Foundation of the National United Party (April 24, 1966)

In the early 1960s, with the national revival in Soviet Armenia, the Communist regime had to confront pockets of dissident thinking. The monolithic rule of the party was questioned by people who thought in terms of freedom of thought and speech. Some of the banners in the April 24, 1965 popular demonstrations in Yerevan on the fiftieth anniversary of the Armenian Genocide asked for the release of the “seven patriots” who had been imprisoned in 1964 for anti-Soviet activities.


Haykaz Khachatryan
Painter Haykaz Khachatryan (1920-1989) and a group of sympathizers made a demonstration on that day near the tomb of Gomidas Vartabed at the Yerevan Pantheon. They were arrested, but released a few days later due to lack of evidence. During his detention, Khachatryan garnered several adherents to his ideas, among them Stepan Zatikyan, a student of the Polytechnic Institute, and Shahen Harutyunyan. On April 24, 1966, Khachatryan proposed the creation of a party, the National United Party (NUP), in opposition to the monolithic rule of the Communist Party.

The core of the party was formed in a few days, with several clandestine youth organizations joining the National United Party. The new party produced its bylaws and program of activities. On April 24, 1967, the declaration of the NUP was presented in an event near the nearly finished genocide monument on the hill of Tsitsernakaberd. The first members of the party made their sacred pledge to be faithful to the ideas of the party. The NUP Council became the leading body of the party. All members should closely follow the program of the party, entitled “For the Nation and the Homeland.” Any person aged sixteen, who accepted the program, the bylaws, and the sacred pledge, could become a party member. Its structure was composed of ten-member groups, which did not maintain contact and did not know each other. Each group had a leader, who knew the other group leaders, as well as their main leader (captain). The goal of this structure was to maintain the secrecy in the activities of the group.

The NUP produced the first issue of its clandestine periodical Paros (Phare) in October 1967. In an article published with the pseudonym Vram, Haykaz Khachatryan wrote: “Armenian nation, your holy duty is to be faithful to the work of your ancestors, maintain the national identity, struggle for the independence of Armenia. April 24 must be commemorated every year. It must be a day of wrathful protest against the crimes of the past and the present.”
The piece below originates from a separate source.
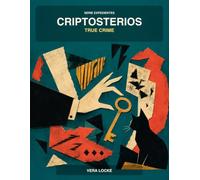 Criptosterios: True Crime: Serie Expedientes - 69 mensajes cifrados de casos reales en letra grande + 11 expedientes clasificados online. Con una pista oculta en cada caso y un Caso Maestro final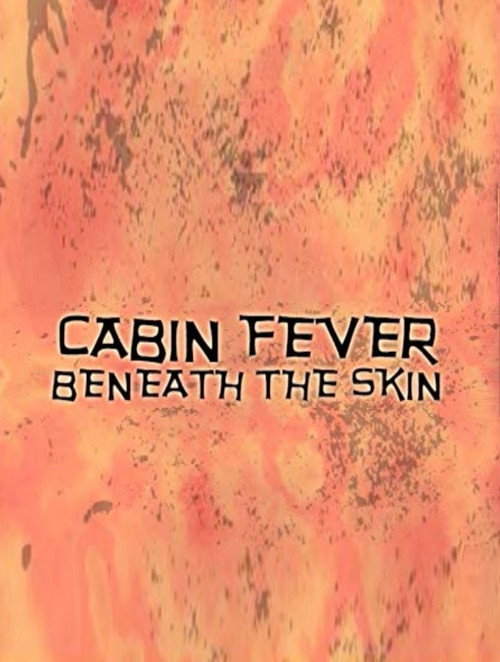 Cabin Fever: Beneath the Skin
The publication made waves not only in Armenia and the Soviet Union, but also abroad. It disclosed the existence of the party to all quarters where anti-Soviet movements were being formed. Paros was indeed forbidden and labeled as anti-Soviet. Its writers and readers were persecuted. New members joined the National United Party, but this became the cause for its fall, as traitors entered the field. Khachatryan was arrested in June 1968, together with Zatikyan and Harutyunyan, and condemned to five years of prison by the Supreme Court of Armenia on charges of anti-Soviet agitation and participation in an anti-Soviet organization. Khachatryan would be released in 1973 and imprisoned again from 1978-1980; Zatikiyan would be released and then shot by the Soviet regime in 1979; Harutyunyan would later migrate to California and head a movement of support to Armenian dissidents and political prisoners.

Paruyr Hayrikyan
After the imprisonment of its founding leaders, Paruyr Hayrikyan became the leader of the NUP, but he was also arrested in 1969 and condemned to four years of prison. During a brief interval in freedom (1973-1974), he was able to publish a second issue of Paros and produce a revised program of the party, where all anti-Soviet references were eliminated. The fundamental course of struggle for independence via legal provisions remained untouched. The claim of a popular referendum for separation of the Soviet Union, as established in the Soviet Constitution, would be legally carried out two decades later with the September 21, 1991 referendum that decided the independence of Armenia.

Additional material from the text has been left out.